■ **EXERCISE DESCRIPTION**
Output the entries that follow character for character. Leave every image out.

[Image-caption web data]
────────────────────────────────────────

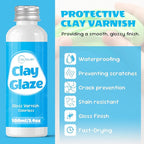 CALPALMY (2-Pack) 100ml Gloss Glaze Varnish Kit for Air Dry Clay Sealer, Waterproof, Gloss Finish - Prevent Cracking and Scratches for Clay, Pottery, Ceramics, Acrylic Paint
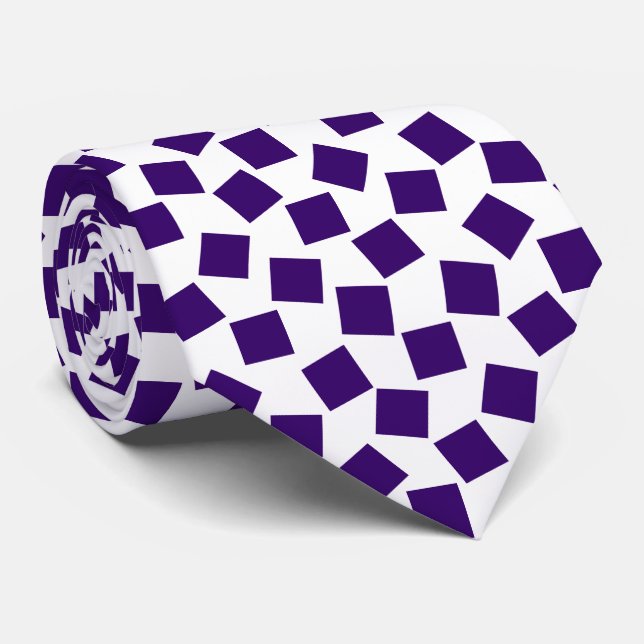 Irregular Squares - Deep Purple on White Tie (Rolled)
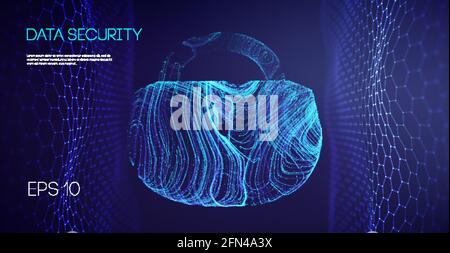 Data Security Binary Lock. Alarm locks server data. Asian it support vector illustration. Encryption code computer firewall concept. Stock Vector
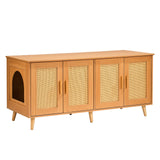VEVOR Cat Litter Box Enclosure for 2 Cats, Litter Box Furniture Hidden with Rattan Decorated Doors, Wooden Cat Box Cabinet Fit Most of Litter Box, 47.2" L x 19.7" W x 21.7" H, Natural VEVOR
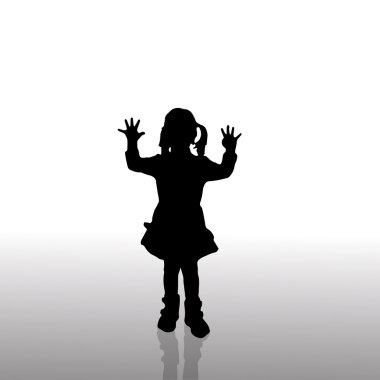 Kızın siluet vektör.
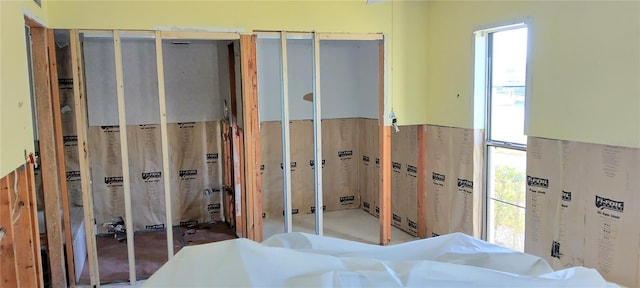 bedroom with two closets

────────────────────────────────────────

■ **ANSWER AREA**
 CALPALMY (2-Pack) 100ml Gloss Glaze Varnish Kit for Air Dry Clay Sealer, Waterproof, Gloss Finish - Prevent Cracking and Scratches for Clay, Pottery, Ceramics, Acrylic Paint
 Irregular Squares - Deep Purple on White Tie (Rolled)
 Data Security Binary Lock. Alarm locks server data. Asian it support vector illustration. Encryption code computer firewall concept. Stock Vector
VEVOR Cat Litter Box Enclosure for 2 Cats, Litter Box Furniture Hidden with Rattan Decorated Doors, Wooden Cat Box Cabinet Fit Most of Litter Box, 47.2" L x 19.7" W x 21.7" H, Natural VEVOR
 Kızın siluet vektör.
 bedroom with two closets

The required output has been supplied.